* [Work request]
Print the whole listing below exactly, skipping every picture.

* [Data provided]
**********
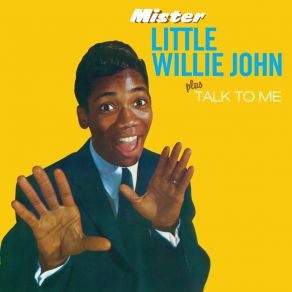 Mister Little Willie John Plus Talk To Me album cover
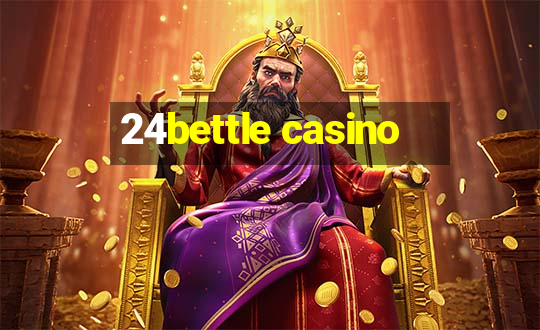 24bettle casino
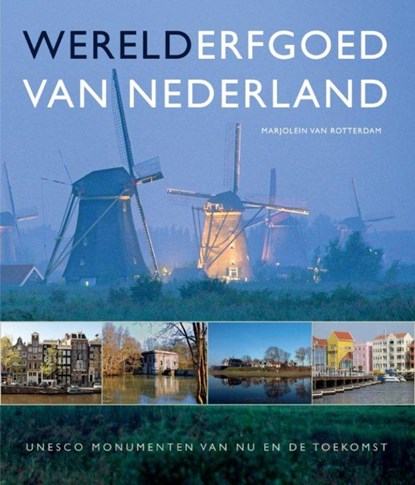 Werelderfgoed van Nederland, Marjolein van Rotterdam - Gebonden - 9789088030000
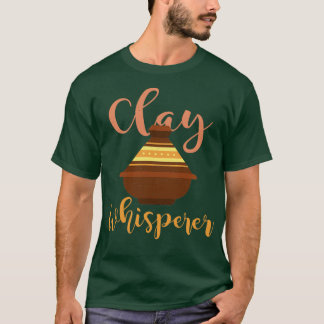 Pottery Clay Whisperer T-Shirt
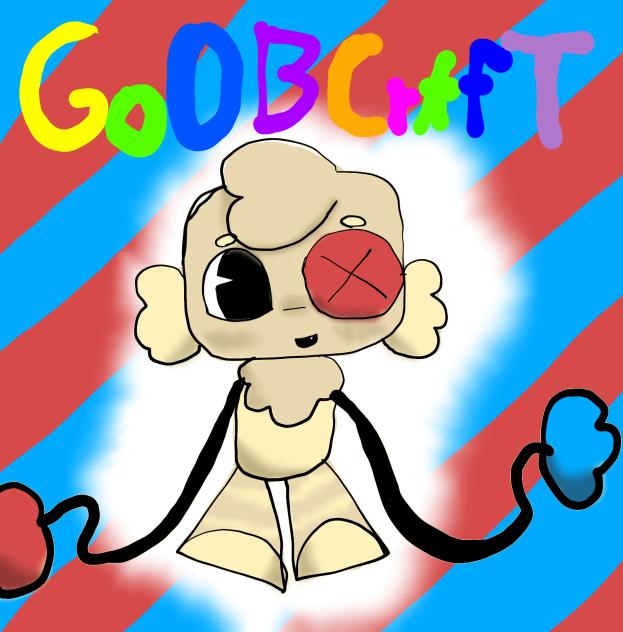 GOOB CRAFT MAH BOY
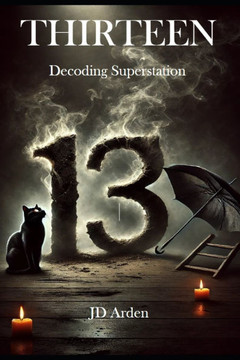Thirteen: Decoding Superstition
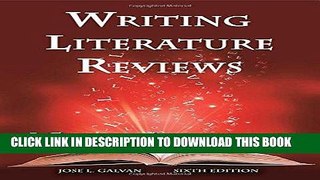 Read Now Writing Literature Reviews: A Guide for Students of the Social and Behavioral Sciences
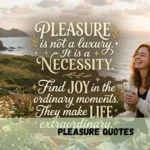 Pleasure Quotes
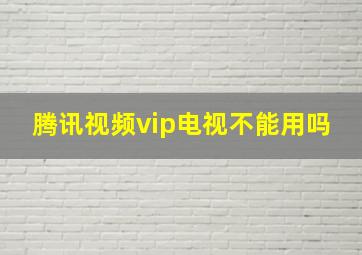 腾讯视频vip电视不能用吗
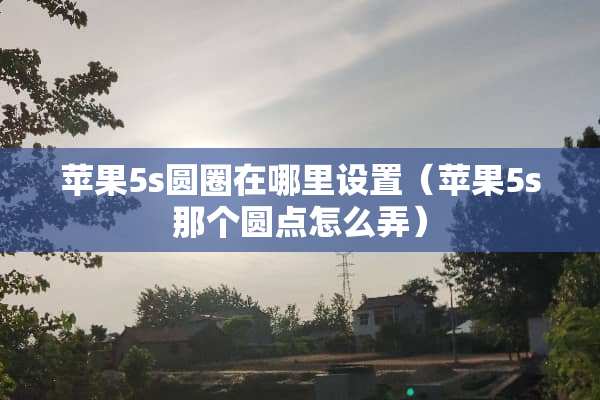 苹果5s圆圈在哪里设置（苹果5s那个圆点怎么弄）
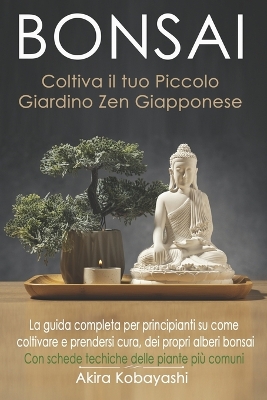 Book cover for BONSAI - Coltiva il tuo Piccolo Giardino Zen Giapponese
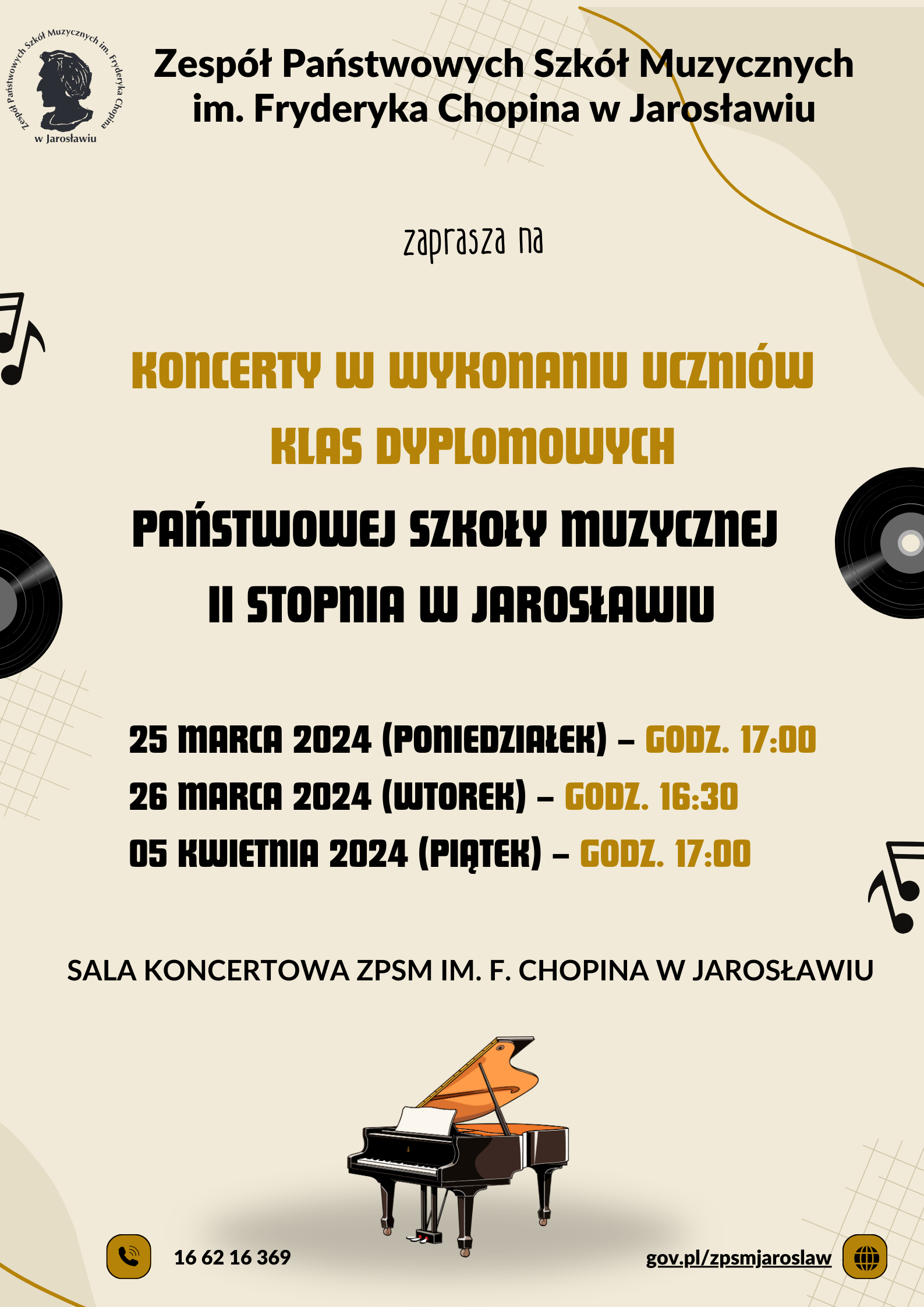 PLAKAT na beżowym tle napis Zespół Państwowych Szkół Muzycznych im. Fryderyka Chopina w Jarosławiu zaprasza na Koncerty w wykonaniu uczniów klas dyplomowych Państwowej Szkoły Muzycznej II stopnia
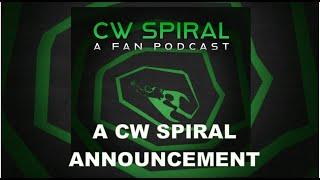 The CW Spiral announcement: We're going on an indefinite hiatus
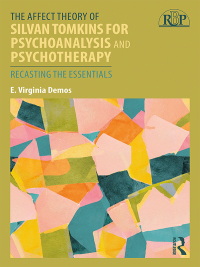 Cover image: The Affect Theory of Silvan Tomkins for Psychoanalysis and Psychotherapy 1st edition 9780415886499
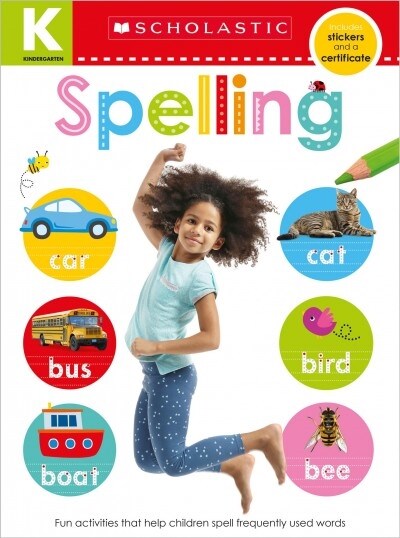 Kindergarten Skills Workbook: Spelling (Scholastic Early Learners) (Paperback)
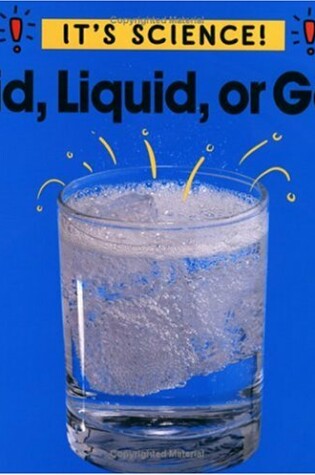 Cover of Solid, Liquid, or Gas?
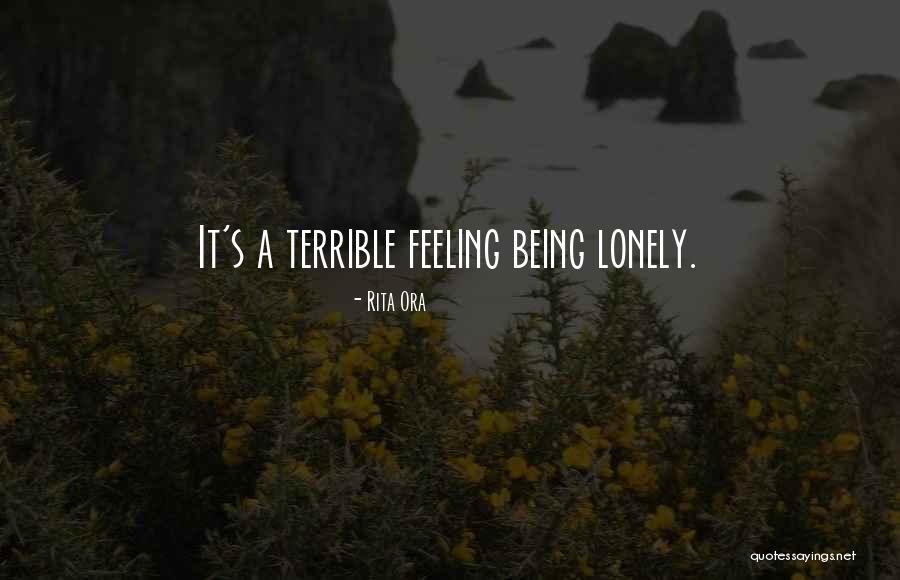 Feeling Terrible Quotes By Rita Ora Feeling Terrible Quotes By Rita Ora
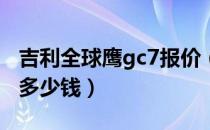 吉利全球鹰gc7报价（吉利gc715全球鹰价格多少钱）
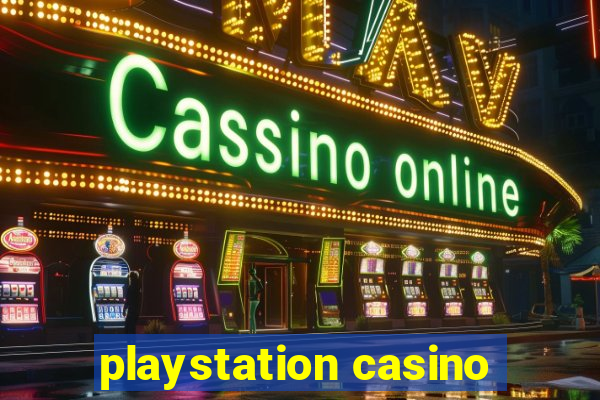 playstation casino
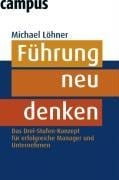 Führung neu denken - Michael Löhner, Carsten Hennig, Anne Jacoby, Gerhard Kebbel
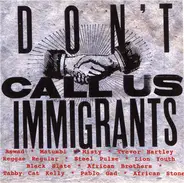 Misty; Lion Youth; Black Slate - Don't Call Us Immigrants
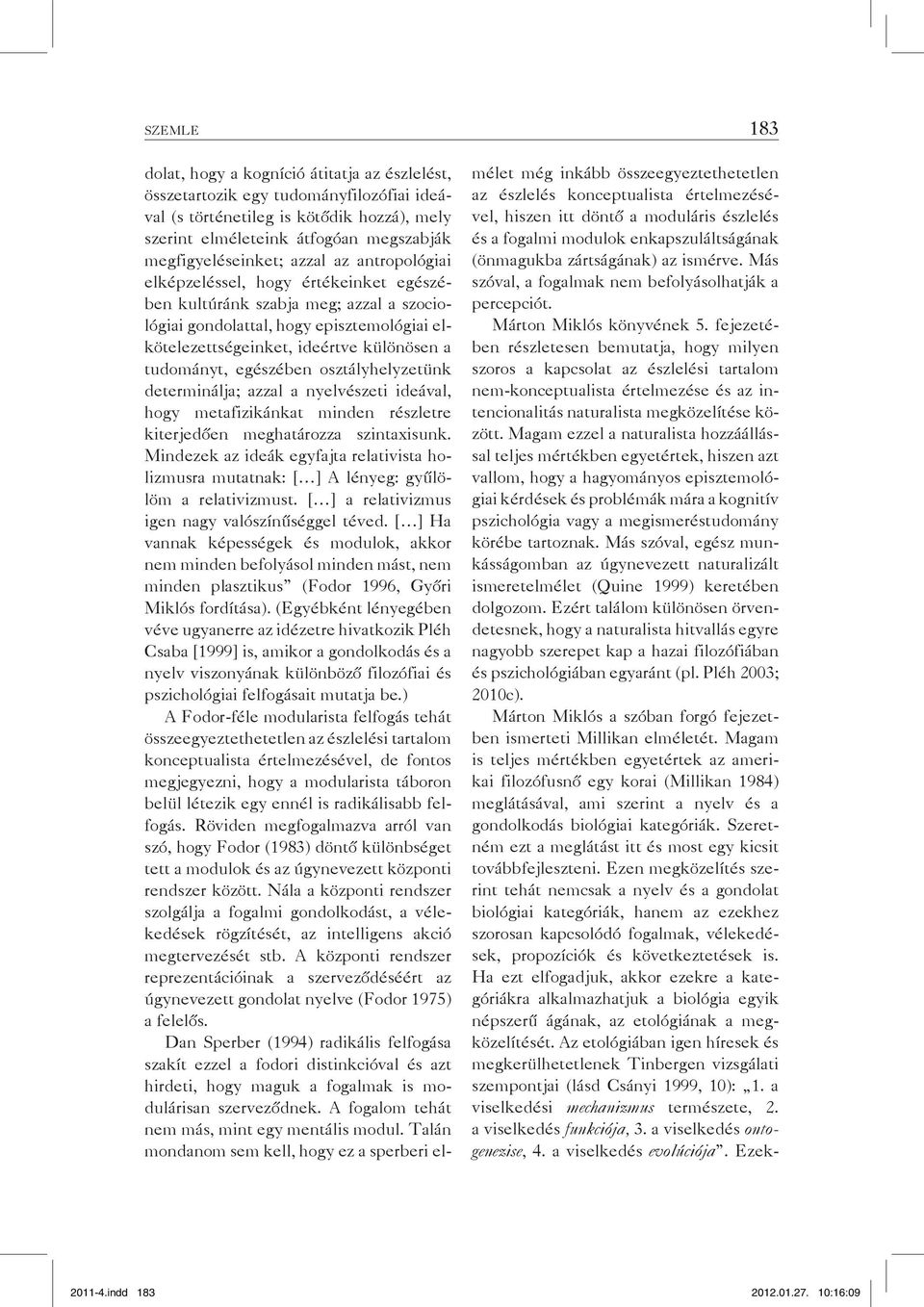 különösen a tudományt, egészében osztályhelyzetünk determinálja; azzal a nyelvészeti ideával, hogy metafizikánkat minden részletre kiterjedően meghatározza szintaxisunk.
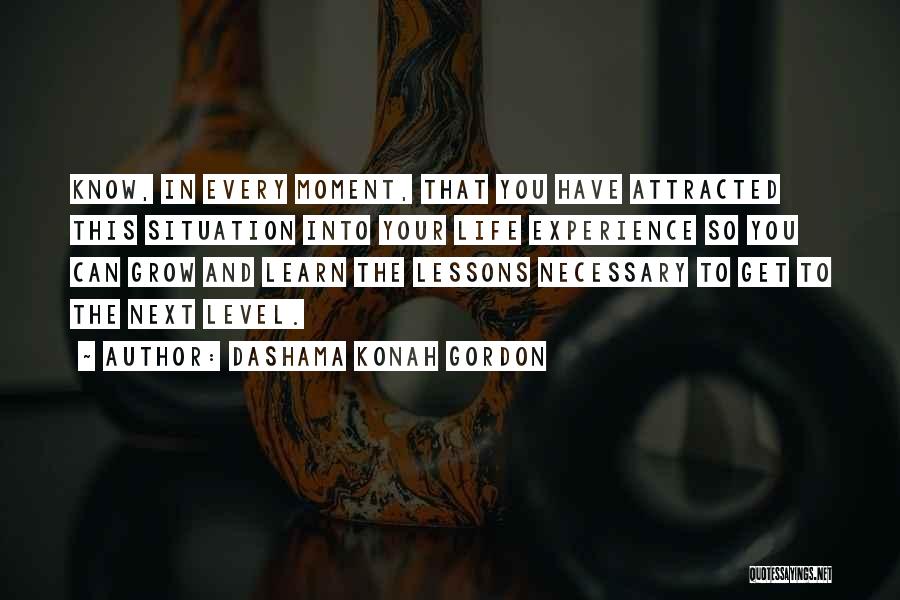 Dashama Konah Gordon Quotes: Know, In Every Moment, That You Have Attracted This Situation Into Your Life Experience So You Can Grow And Learn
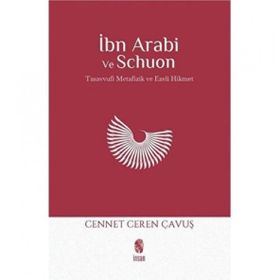 İbn Arabi ve Schuon - Cennet Ceren Çavuş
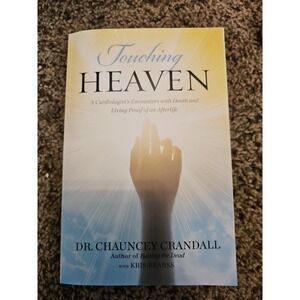 Touching Heaven: A Cardiologist's Encounters w/Death & Living [A]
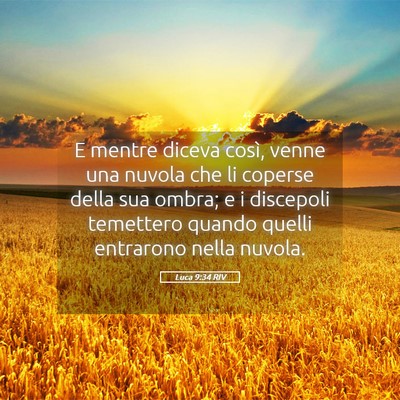 Picture 05 - Luca 9:34 RIV - E mentre diceva così, venne una nuvola che li - Bible Verse Picture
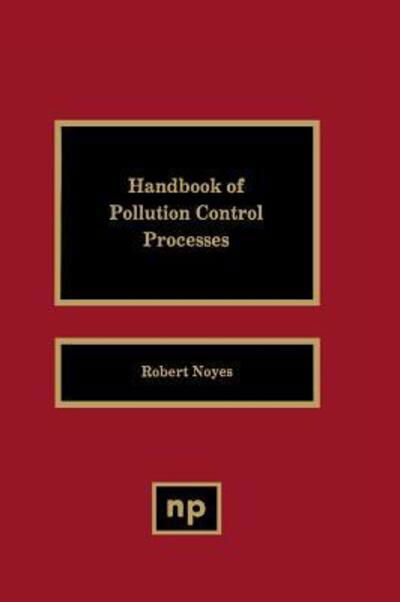 Handbook of Pollution Control Processes - Noyes, Robert (Noyes Publications) - Libros - William Andrew Publishing - 9780815512905 - 31 de diciembre de 1992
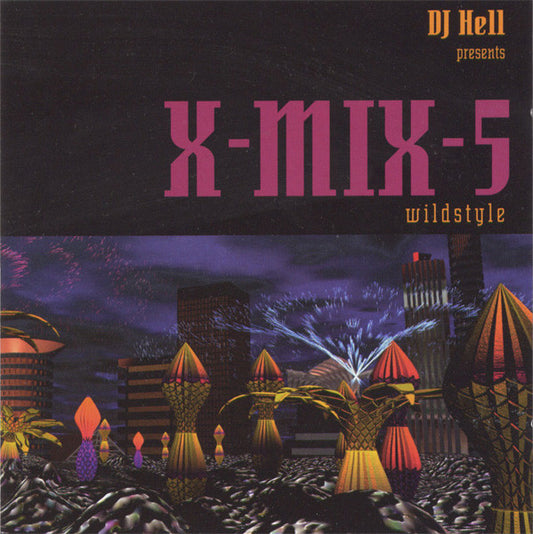 Hell - X-Mix-5 (Wildstyle) - Used CD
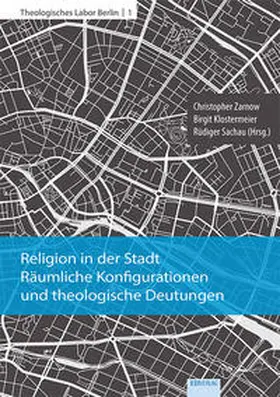 Zarnow / Klostermeier / Sachau | Religion in der Stadt | Buch | 978-3-86893-297-3 | sack.de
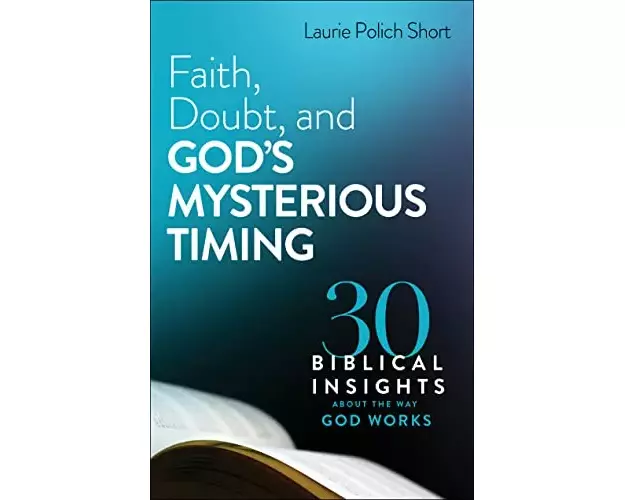Faith, Doubt, and God`s Mysterious Timing – 30 Biblical Insights about the Way God Works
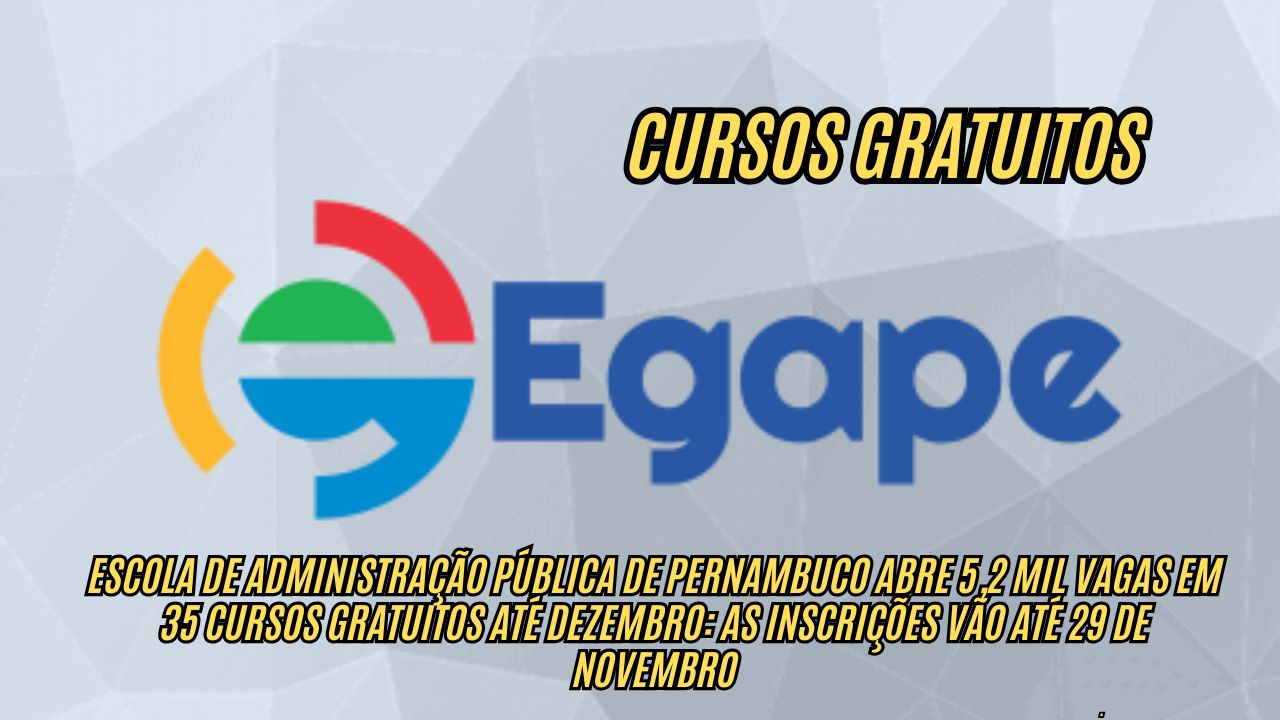 Quer melhorar o currículo? Escola de administração pública de Pernambuco abre 5,2 mil vagas em 35 cursos gratuitos até dezembro: As inscrições vão até 29 de novembro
**********
* [Answer to this task]
 Mister Little Willie John Plus Talk To Me album cover
 24bettle casino
 Werelderfgoed van Nederland, Marjolein van Rotterdam - Gebonden - 9789088030000
 Pottery Clay Whisperer T-Shirt
 GOOB CRAFT MAH BOY
Thirteen: Decoding Superstition
 Read Now Writing Literature Reviews: A Guide for Students of the Social and Behavioral Sciences
 Pleasure Quotes
 腾讯视频vip电视不能用吗
 苹果5s圆圈在哪里设置（苹果5s那个圆点怎么弄）
 Book cover for BONSAI - Coltiva il tuo Piccolo Giardino Zen Giapponese
 PLAKAT na beżowym tle napis Zespół Państwowych Szkół Muzycznych im. Fryderyka Chopina w Jarosławiu zaprasza na Koncerty w wykonaniu uczniów klas dyplomowych Państwowej Szkoły Muzycznej II stopnia
 The CW Spiral announcement: We're going on an indefinite hiatus
 Cover image: The Affect Theory of Silvan Tomkins for Psychoanalysis and Psychotherapy 1st edition 9780415886499
 Kindergarten Skills Workbook: Spelling (Scholastic Early Learners) (Paperback)
 Cover of Solid, Liquid, or Gas?
 Feeling Terrible Quotes By Rita Ora Feeling Terrible Quotes By Rita Ora
 吉利全球鹰gc7报价（吉利gc715全球鹰价格多少钱）
 playstation casino
 Führung neu denken - Michael Löhner, Carsten Hennig, Anne Jacoby, Gerhard Kebbel
 Misty; Lion Youth; Black Slate - Don't Call Us Immigrants
 különösen a tudományt, egészében osztályhelyzetünk determinálja; azzal a nyelvészeti ideával, hogy metafizikánkat minden részletre kiterjedően meghatározza szintaxisunk.
 Dashama Konah Gordon Quotes: Know, In Every Moment, That You Have Attracted This Situation Into Your Life Experience So You Can Grow And Learn
 İbn Arabi ve Schuon - Cennet Ceren Çavuş
 Touching Heaven: A Cardiologist's Encounters w/Death & Living [A]
 Picture 05 - Luca 9:34 RIV - E mentre diceva così, venne una nuvola che li - Bible Verse Picture
 Handbook of Pollution Control Processes - Noyes, Robert (Noyes Publications) - Libros - William Andrew Publishing - 9780815512905 - 31 de diciembre de 1992
 Hell - X-Mix-5 (Wildstyle) - Used CD
 Zarnow / Klostermeier / Sachau | Religion in der Stadt | Buch | 978-3-86893-297-3 | sack.de
Faith, Doubt, and God`s Mysterious Timing – 30 Biblical Insights about the Way God Works
 Quer melhorar o currículo? Escola de administração pública de Pernambuco abre 5,2 mil vagas em 35 cursos gratuitos até dezembro: As inscrições vão até 29 de novembro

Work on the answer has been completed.